Le Conseil d’Etat censure cette analyse, en se fondant, d’une part, sur un argument de texte et, d’autre part, sur les effets d’un emplacement réservé.
Certes, selon la Haute assemblée, « il est généralement recouru à ce dispositif pour fixer la destination future des terrains en cause ». Mais, en droit, force est de constater que le Code de l’urbanisme ne limite pas les possibilités de création d’emplacements réservés à la situation où des travaux seraient ultérieurement nécessaires ou encore à un changement de destination du terrain. De sorte que, pour la Haute assemblée, « aucune disposition ne fait obstacle à ce qu’il soit utilisé pour fixer une destination qui correspond déjà à l’usage actuel du terrain concerné ». En d’autres termes, il n’est pas illégal de prévoir dans un PLU un emplacement réservé destiné à un usage qui est déjà le sien. La commune n’a donc pas commis d’erreur en voulant pérenniser l’usage actuel du terrain concerné, qui supporte déjà une voie et des places de stationnement. Cette solution se justifie, par ailleurs, par les effets de l’emplacement réservé, qui ne limitent que les possibilités de construire, mais non l’utilisation même du terrain. La réservation du terrain n’affecte pas le droit qu’a le propriétaire d’user de son bien comme il le souhaite, à condition toutefois que cette utilisation n’ait pas pour effet de rendre le terrain incompatible avec la destination prévue par la réservation.

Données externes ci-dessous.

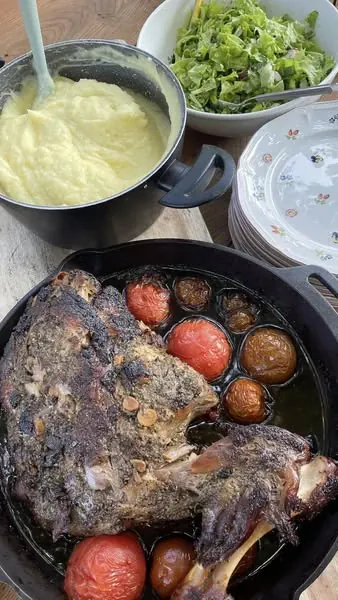 Stirnos koja kepta lauko pečiuje su lašiniais ir žolelių marinatu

En conclusion, la décision du Conseil d’Etat, loin d’ouvrir la voie à une quelconque régularisation de situations irrégulières, tend, au contraire à préserver les droits des propriétaires concernés et à rappeler aux auteurs des PLU les limites juridiques des effets des emplacements réservés.
Philippe PEYNET – avocat associé
Rappel pratique : Les conséquences de l’institution d’un emplacement réservé sont parfois perdues de vue par les auteurs des PLU. Il faut sur le fait que la collectivité au bénéfice duquel le terrain a été réservé peut être mise en demeure d’acquérir le bien par le propriétaire en application des dispositions de l’article L. 230-1 et suivants du Code de l’urbanisme. C’est, en quelque sorte, une « expropriation anticipée dont le propriétaire prend l’initiative » (F. BOUYSSOU, Une garantie méconnue de la propriété : le droit de délaissement en matière d urbanisme et d’expropriation, La Semaine juridique, Edition générale, n°2925). Si, finalement, la Collectivité n’a plus besoin du bien considéré, elle doit le supprimer, ou le faire supprimer, avant que le Juge de l’expropriation, qui peut être saisi un an après la mise en demeure, ne se prononce (C. Cass. 3ème civ., 14 juin 1989, M. Delaine, n° 88-70030 ; C. Cass. 3ème civ., 5 décembre 1990, Mme X, n° 89-70294 ; C. Cass. 3ème civ, 4 décembre 1996, M. Jean X., n° 95-70185). A défaut, elle sera tenue d’acquérir le bien au prix judiciairement fixé (sauf si le propriétaire préfère que la réserve ne soit plus opposable en application de l’article L. 230-4 du Code de l’urbanisme ; voir en ce sens : CAA Bordeaux, 6 octobre 2009, SARL C.H. Immobilier, n°07BX02455).